Prezydent Korei Południowej przeprosił za stan wojenny. Na razie nie zostanie usunięty ze stanowiska
3 grudnia, o 22:27 czasu lokalnego, prezydent Yoon Suk Yeol ogłosil niespodziewanie wprowadzenie stanu wojennego, w ramach którego zabronił aktywności politycznej, w tym obrad Zgromadzenia Narodowego, parlamentu Korei Południowej, oraz zawiesił wolność mediów. Twierdził, że opozycyjna Partia Demokratyczna (DPK), która ma większość w parlamencie, prowadzi działalność antypaństwową i kolaboruje z komunistami z północy, tworząc legislacyjną dyktaturę. Prezydent nakazał też aresztowanie szeregu polityków, w tym liderów DPK i jego własnej Partii Władzy Ludowej (PPP).
Prezydent przeprasza naród
Stan wojenny – pierwszy od prawie pół wieku – nie potrwał jednak długo. Mimo tego, że wojsko próbowało do tego nie dopuścić, 190 posłom udało się dostać do budynku Zgromadzenia Narodowego, gdzie jednogłośnie przegłosowali jego zniesienie. Yoon nie miał innego wyjścia i o wpół do piątej nad ranem wycofał się z deklaracji, która go wprowadziła.
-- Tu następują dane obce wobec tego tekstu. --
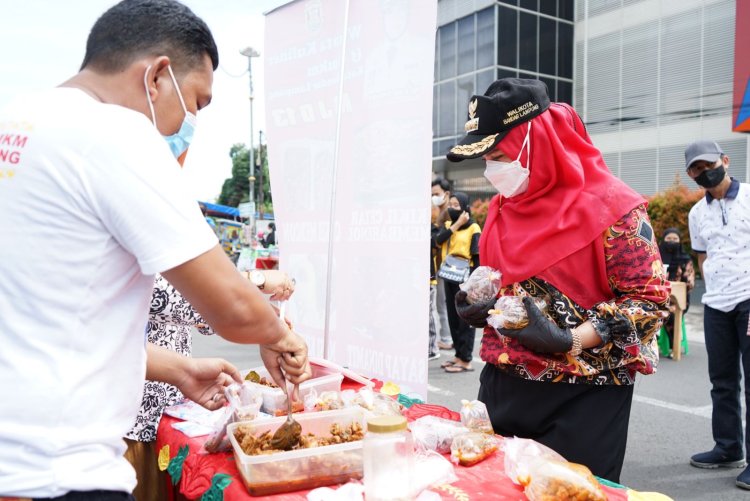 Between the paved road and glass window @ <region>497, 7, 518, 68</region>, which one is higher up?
glass window @ <region>497, 7, 518, 68</region>

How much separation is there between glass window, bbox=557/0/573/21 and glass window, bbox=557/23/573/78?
0.26 meters

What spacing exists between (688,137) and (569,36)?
215 inches

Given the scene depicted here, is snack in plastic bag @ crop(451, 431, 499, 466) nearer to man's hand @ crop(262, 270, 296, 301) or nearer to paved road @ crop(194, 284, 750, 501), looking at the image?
man's hand @ crop(262, 270, 296, 301)

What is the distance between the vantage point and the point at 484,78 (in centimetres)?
1814

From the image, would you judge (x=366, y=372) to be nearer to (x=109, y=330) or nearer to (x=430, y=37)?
(x=430, y=37)

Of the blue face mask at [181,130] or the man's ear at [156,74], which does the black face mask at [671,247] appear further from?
the man's ear at [156,74]

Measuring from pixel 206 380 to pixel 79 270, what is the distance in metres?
0.91

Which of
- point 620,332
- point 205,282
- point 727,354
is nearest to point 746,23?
point 727,354

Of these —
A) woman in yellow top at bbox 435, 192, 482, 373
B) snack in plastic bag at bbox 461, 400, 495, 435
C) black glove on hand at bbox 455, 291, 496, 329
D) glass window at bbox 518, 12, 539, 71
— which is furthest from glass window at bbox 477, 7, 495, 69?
snack in plastic bag at bbox 461, 400, 495, 435

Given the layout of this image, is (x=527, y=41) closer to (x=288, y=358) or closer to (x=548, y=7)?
(x=548, y=7)

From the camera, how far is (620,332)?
1.67 m

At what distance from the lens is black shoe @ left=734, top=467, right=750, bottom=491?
3283mm

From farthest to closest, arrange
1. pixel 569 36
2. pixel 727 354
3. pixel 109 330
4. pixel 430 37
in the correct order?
pixel 569 36 → pixel 727 354 → pixel 430 37 → pixel 109 330

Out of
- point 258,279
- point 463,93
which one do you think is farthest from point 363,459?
point 463,93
Teraz prezydent przeprosił za to, co zrobił. Ogłoszenie tego stanu wojennego zostało zrobione z powodu mojej desperacji. Ale w trakcie jego wprowadzania, spowodował strach i niewygody dla społeczeństwa. Jest mi z tego powodu bardzo przykro i szczerze przepraszam osoby, dla których musiał to być szok – powiedział w krótkim przemówieniu nadanym przez koreańskie telewizje. Obiecał też, że więcej tego nie zrobi. Dodał, że pozwoli swojej partii na wytyczenie kursu, który przeprowadzi ich państwo przez obecny kryzys polityczny – łącznie z jego dalszym losem.
Opozycja chce go usunąć ze stanowiska
Gdy tylko odwołano stan wojenny, opozycja od razu rozpoczęła starania o odwołanie go ze stanowiska. We wspólnym wniosku o impeachment oskarżyli go o próbę buntu. Wpływowe Stowarzyszenie Koreańskiej Palestry, w skład którego wchodzi 30 tys. prawników, zapowiedziało, że prezydent usłyszy zarzuty insurekcji nawet, jeśli parlament i Sąd Konstytucyjny nie usuną go ze stanowiska.
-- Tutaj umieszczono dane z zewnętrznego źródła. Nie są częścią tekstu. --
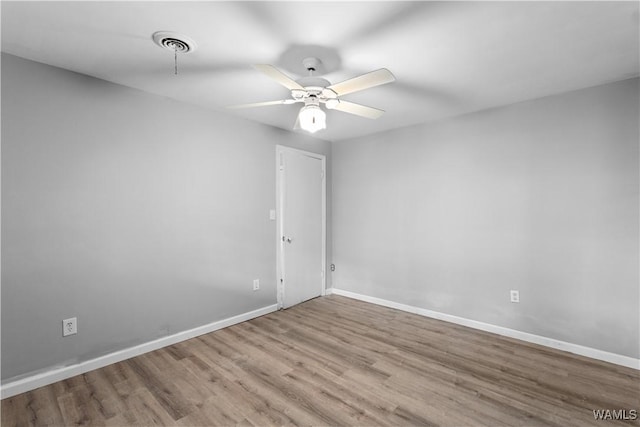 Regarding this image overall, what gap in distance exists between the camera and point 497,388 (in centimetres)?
211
Na razie wszystko wskazuje, że nie zostanie poddany impeachmentowi. Jak donoszą media, posłowie partii prezydenta opuścili budynek parlamentu przed głosowaniem nad impeachmentem. Opozycja żegnała ich okrzykami zdrajcy, wracajcie! i przekleństwami. Na sali został tylko jeden poseł PPP, Ahn Cheol-soo, który wcześniej deklarował, że poprze wniosek opozycji, a kolejny wrócił przed głosowaniem. To oznacza, że nie ma on szans na przyjęcie, bo do większości 2/3 głosów musiałby być poparty przez co najmniej ośmiu posłów PPP.
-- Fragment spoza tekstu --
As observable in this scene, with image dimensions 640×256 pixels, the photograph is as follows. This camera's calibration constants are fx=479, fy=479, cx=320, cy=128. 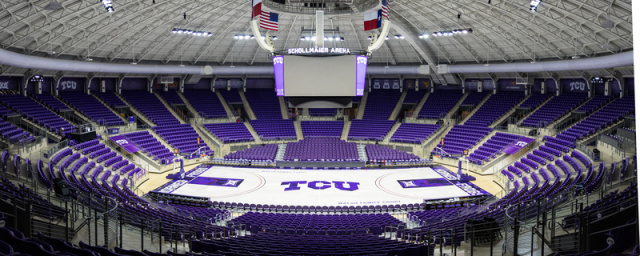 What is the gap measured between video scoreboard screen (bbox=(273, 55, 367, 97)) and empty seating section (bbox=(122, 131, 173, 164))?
15648 millimetres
Opozycja zadeklarowała już, że się nie podda i ponownie złoży wniosek o jego impeachment w środę. Jeżeli przejdzie, to Yoon zostanie zawieszony w obowiązkach, a Sąd Konstytucyjny będzie musiał zdecydować, czy zostanie usunięty ze stanowiska. Jeżeli tak się tanie, to wybory jego następcy będą musiały mieć miejsce w terminie do 60 dni.